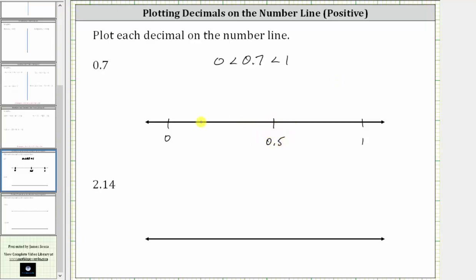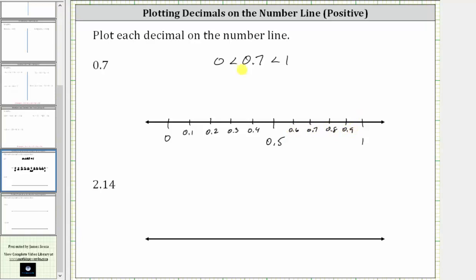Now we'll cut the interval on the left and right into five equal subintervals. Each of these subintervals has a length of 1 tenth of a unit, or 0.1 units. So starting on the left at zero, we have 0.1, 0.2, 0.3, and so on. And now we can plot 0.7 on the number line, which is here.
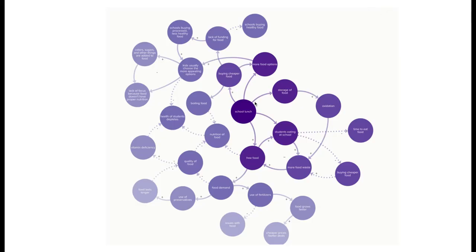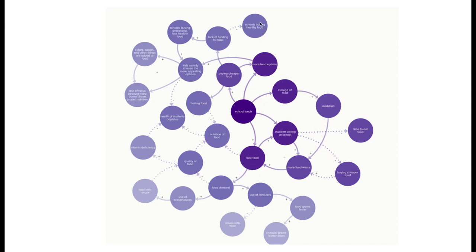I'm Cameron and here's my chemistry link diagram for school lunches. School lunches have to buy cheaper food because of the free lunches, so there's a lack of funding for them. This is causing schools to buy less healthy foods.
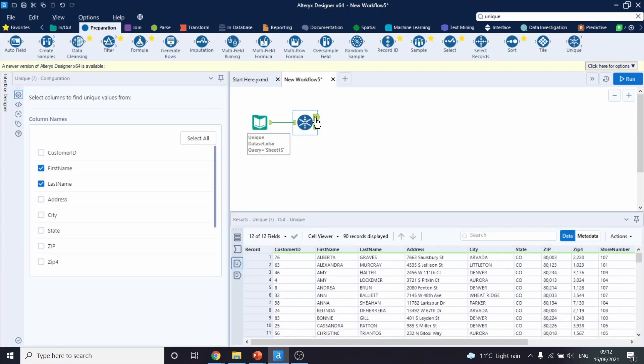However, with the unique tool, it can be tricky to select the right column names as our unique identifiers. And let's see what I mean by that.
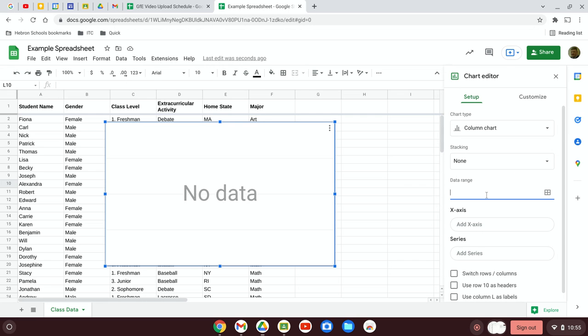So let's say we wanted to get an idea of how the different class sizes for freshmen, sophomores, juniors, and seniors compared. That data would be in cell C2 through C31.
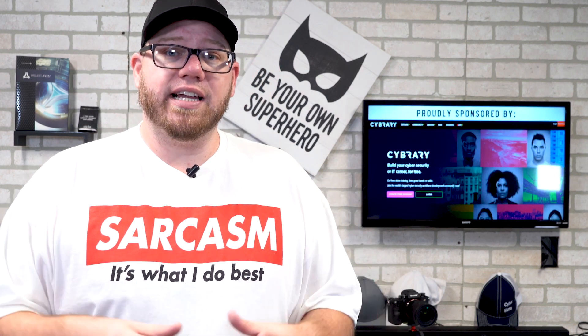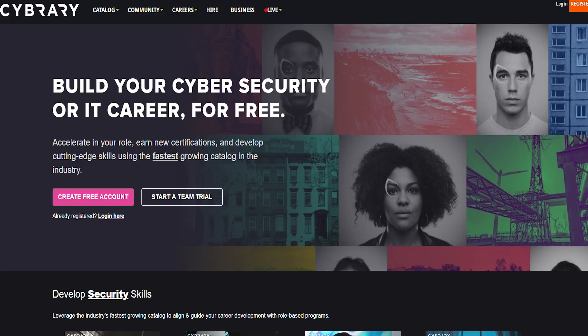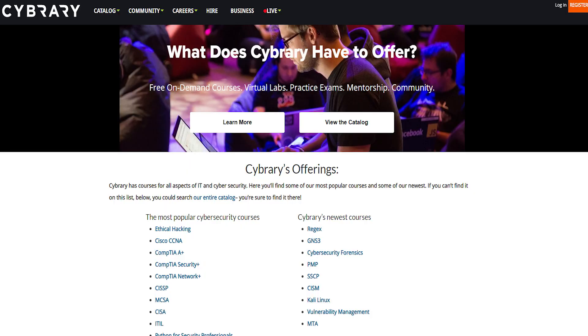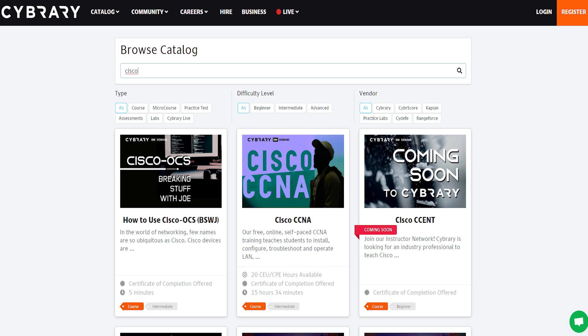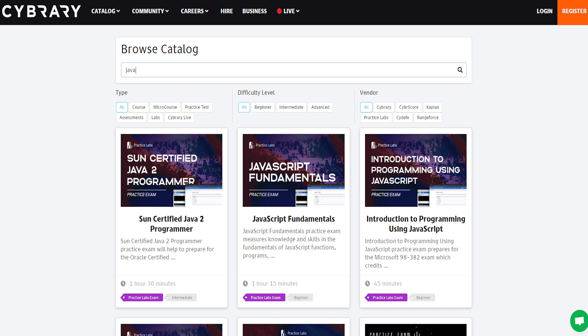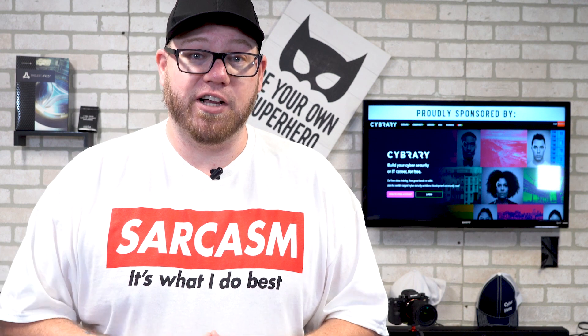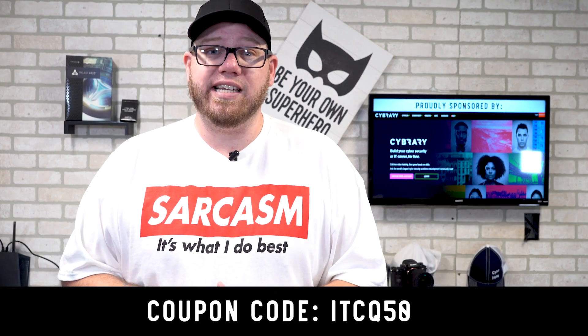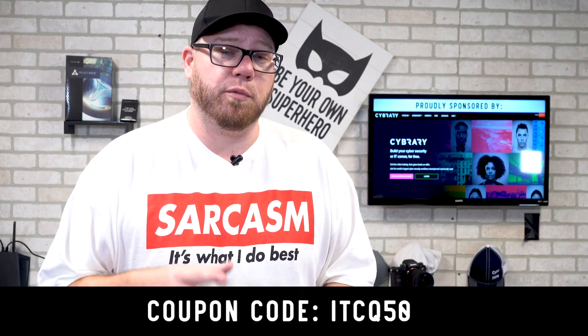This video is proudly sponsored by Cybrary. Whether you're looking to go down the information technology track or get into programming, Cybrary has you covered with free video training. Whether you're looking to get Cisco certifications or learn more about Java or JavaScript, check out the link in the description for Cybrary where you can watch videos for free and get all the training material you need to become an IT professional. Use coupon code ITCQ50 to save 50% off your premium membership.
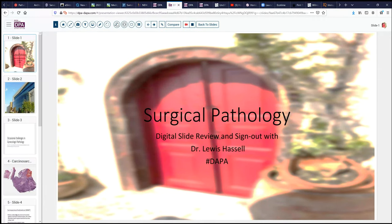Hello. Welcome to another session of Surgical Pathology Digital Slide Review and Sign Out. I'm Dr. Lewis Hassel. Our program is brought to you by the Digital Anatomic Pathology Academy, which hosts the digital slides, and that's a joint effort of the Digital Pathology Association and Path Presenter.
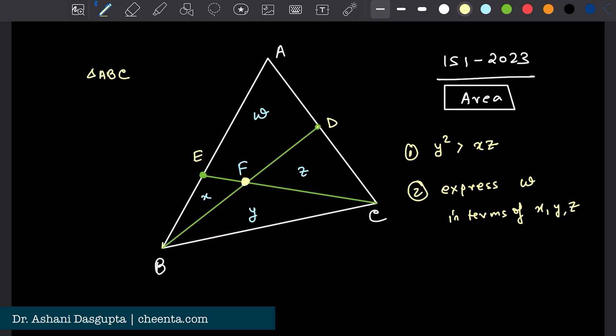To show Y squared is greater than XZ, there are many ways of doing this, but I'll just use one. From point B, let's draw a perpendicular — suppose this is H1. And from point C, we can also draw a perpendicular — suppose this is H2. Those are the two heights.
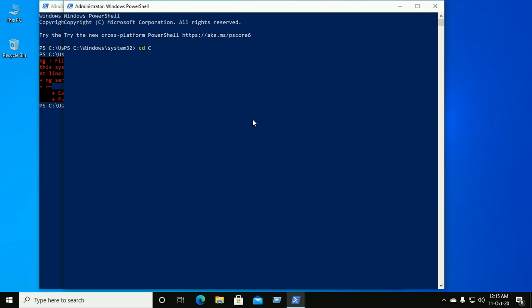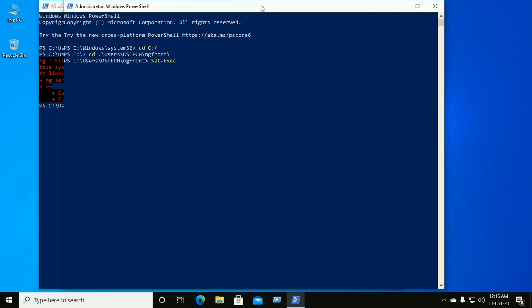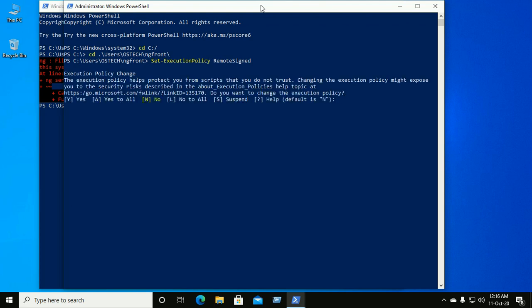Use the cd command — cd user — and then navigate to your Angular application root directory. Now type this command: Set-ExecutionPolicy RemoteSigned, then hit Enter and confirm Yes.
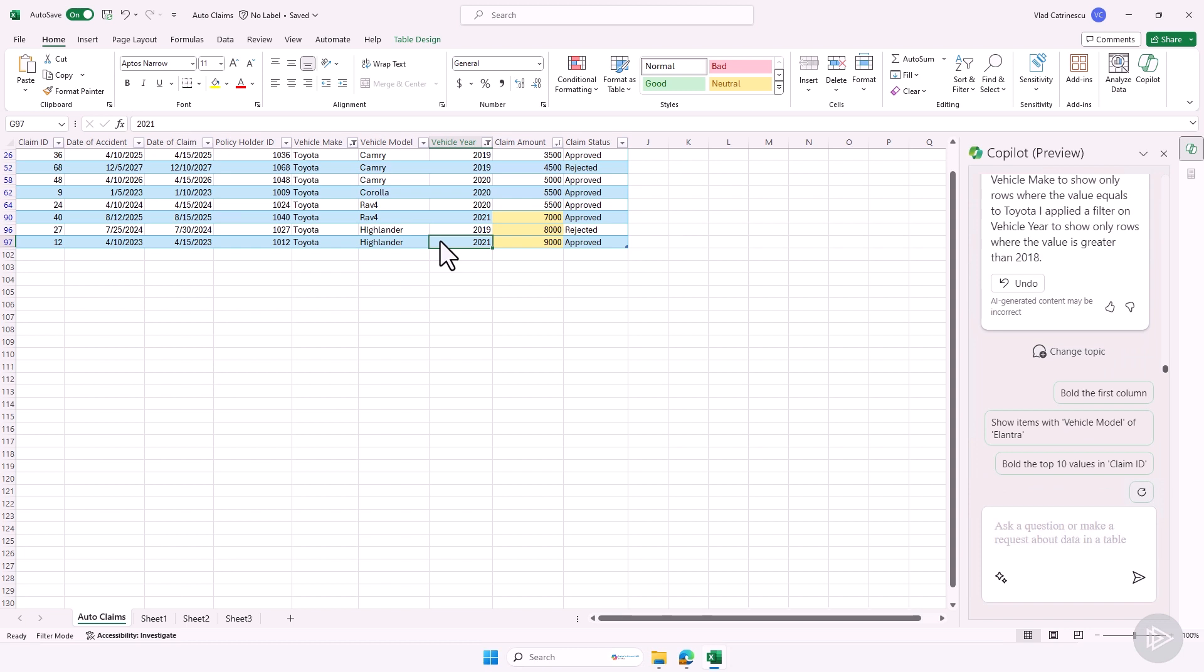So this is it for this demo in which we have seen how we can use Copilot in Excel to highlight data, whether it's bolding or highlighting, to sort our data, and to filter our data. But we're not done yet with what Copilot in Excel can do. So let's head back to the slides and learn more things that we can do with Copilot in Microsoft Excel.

ACTIVITY » Reproduce, word for word, everything in the listing above from the line containing "To show Y squared" down to the line containing "Use the cd command", both of them included. No pictures.

RESPONSE TO THE TASK »
To show Y squared is greater than XZ, there are many ways of doing this, but I'll just use one. From point B, let's draw a perpendicular — suppose this is H1. And from point C, we can also draw a perpendicular — suppose this is H2. Those are the two heights.
Use the cd command — cd user — and then navigate to your Angular application root directory. Now type this command: Set-ExecutionPolicy RemoteSigned, then hit Enter and confirm Yes.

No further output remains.